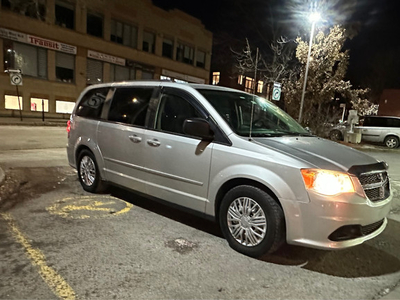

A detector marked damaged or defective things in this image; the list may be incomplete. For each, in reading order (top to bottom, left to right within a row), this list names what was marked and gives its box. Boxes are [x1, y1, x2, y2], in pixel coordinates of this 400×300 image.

pothole in pavement [165, 238, 198, 254]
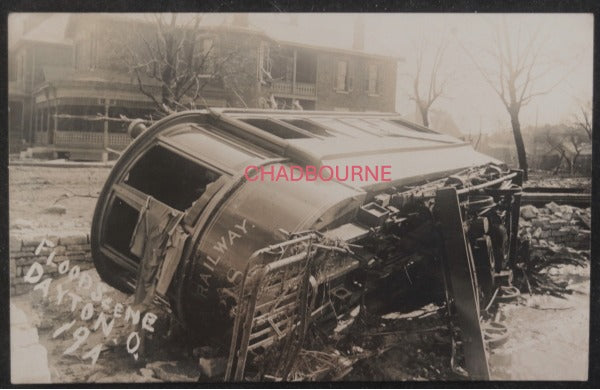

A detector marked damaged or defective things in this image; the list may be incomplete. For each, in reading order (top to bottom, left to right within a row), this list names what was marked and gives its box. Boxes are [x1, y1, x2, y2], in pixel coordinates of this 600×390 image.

overturned trolley car [91, 109, 524, 380]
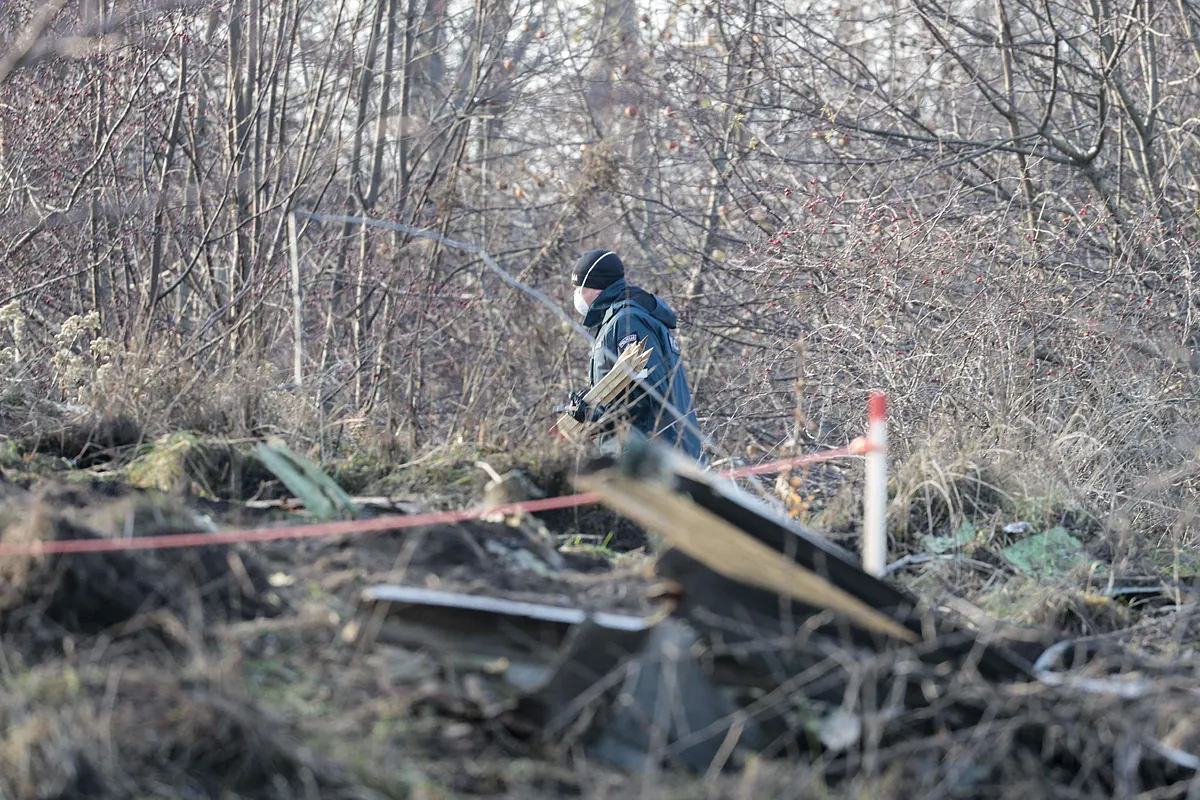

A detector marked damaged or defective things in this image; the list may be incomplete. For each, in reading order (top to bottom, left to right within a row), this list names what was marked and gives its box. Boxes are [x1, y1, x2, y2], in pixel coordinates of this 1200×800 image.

splintered wood debris [549, 335, 652, 441]
splintered wood debris [355, 441, 1200, 791]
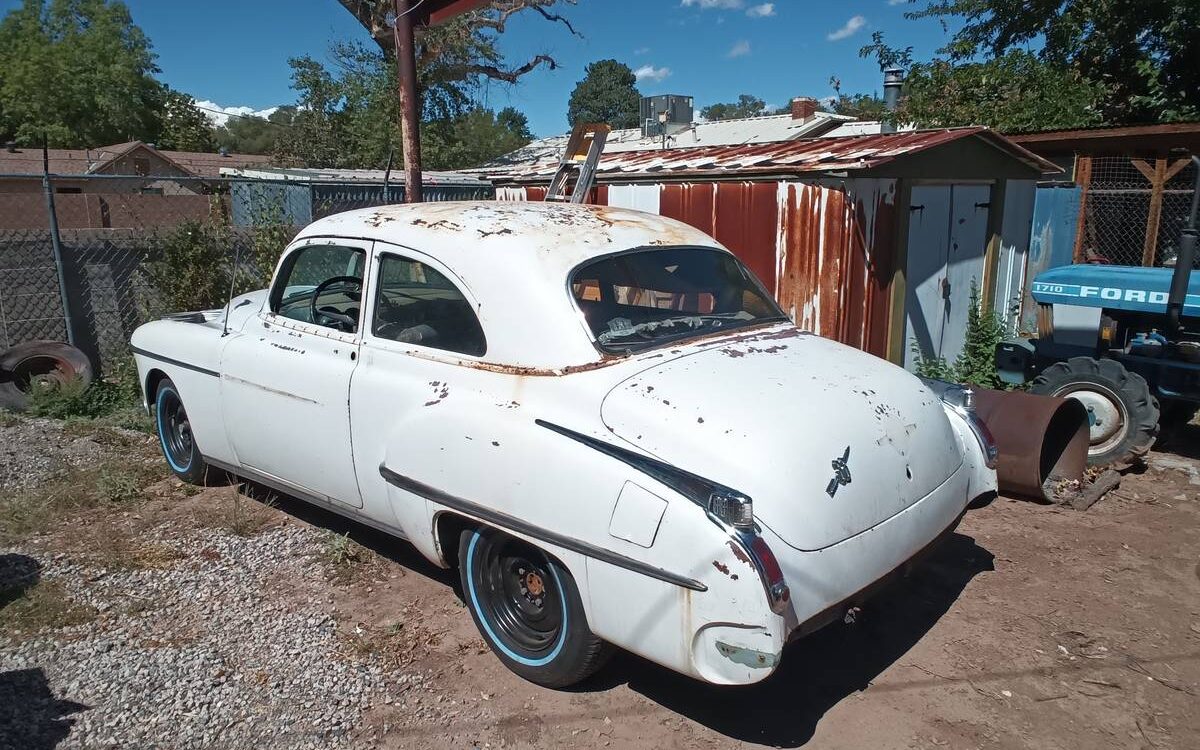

— DIRECTIONS —
Write out an exact copy of the lines beginning at the line that contains "this 600×390 image." and ending at the last line of the listing. Exclude pictures.

— SOLUTION FOR THIS TASK —
A detector marked damaged or defective things in this image; the list may be incomplete. For each, in reading order (top to bottom, left to right within a row), this list names what was marked and gives its box. Boxes are [x1, y1, x2, y2], in pixel coordinates of this 600×390 image.

overturned trolley car [91, 109, 524, 380]

A detector marked damaged or defective things in this image; the list may be incomplete. For each, in reading order (top to bottom, left to right within a row), this list names what was marked and gives its box. Boxes are [x1, y1, x2, y2], in pixel coordinates of this 1200×800 image.

splintered wood debris [549, 335, 652, 441]
splintered wood debris [355, 441, 1200, 791]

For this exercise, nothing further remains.